I never botherd to do them there just did them 2 times a week at home
Only recently started doing them, normally do a few burn out sets/supersets with resistance after my workout once/twice a week.
Usually do woodchoppers for obliques using cable machine, side twists with a barbell, leg raises and finish off on the weighted ab machine at the gym.
what do you guys do for abs at the gym?
I never botherd to do them there just did them 2 times a week at home
already at the gym, what's an extra 10 minutes per session on abs (if you already have them)
quick tip, if you already have abs, a quick 10 minutes at the end of each sesson will keep them in shape.. if you don't already have decent abs or there is a lot of fat covering your abs then it's better to do 1 big session on abs like you would any other muscle.
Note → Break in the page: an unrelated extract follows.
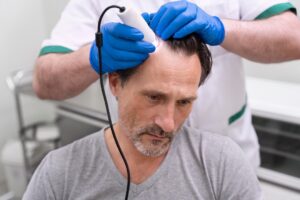 Homme recevant un traitement pour la perte de cheveux. 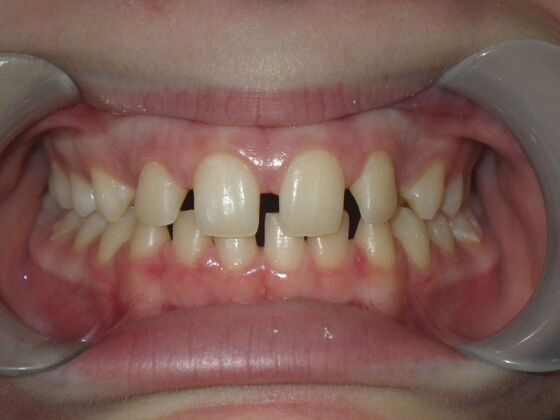 Orthodontics: Case 5 - Before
a lot of people get confused and think it's better to train their abs everyday and will automatically get them after a while.. doesn't work like that...1 hard session per week is better.
/
chest on a monday because it's when i have the most weight on my upper body, i'm well rested after the sunday off and generally go the hardest on chest sessions.. then my upper body gets a days rest while i do legs on a tuesday.
you have to remember the other muscles you're uncontrollably working while doing certain exercises E.G you will be working tri's while doing chest exercises hence the reason people pair chest and tri's.
if you pair your tri's with something else like back as i saw in someones routine, when you're on your "back and tri's" day your tri's wont be at 100% after the chest session you did earlier in the week/day before so you wont get as much out of them as you would of if you smashed them out along with chest
.if you pair your tri's with something else like back as i saw in someones routine, when you're on your "back and tri's" day your tri's wont be at 100% after the chest session you did earlier in the week/day before so you wont get as much out of them as you would of if you smashed them out along with chest
Maybe it's cos I wanna work tris twice a week?
Thanks for the advice tho buddy
But then you're doing 1 session of indirect tris because your main focus is chest exercises and 1 session of tris while not at there full strength because they're still half recovering from the indirect session you done the day before/ 2 days before.
If you're happy with it then kl don't need to get funny about it
Anyone use those power plate things?
I thought they were for females really but heard they are good?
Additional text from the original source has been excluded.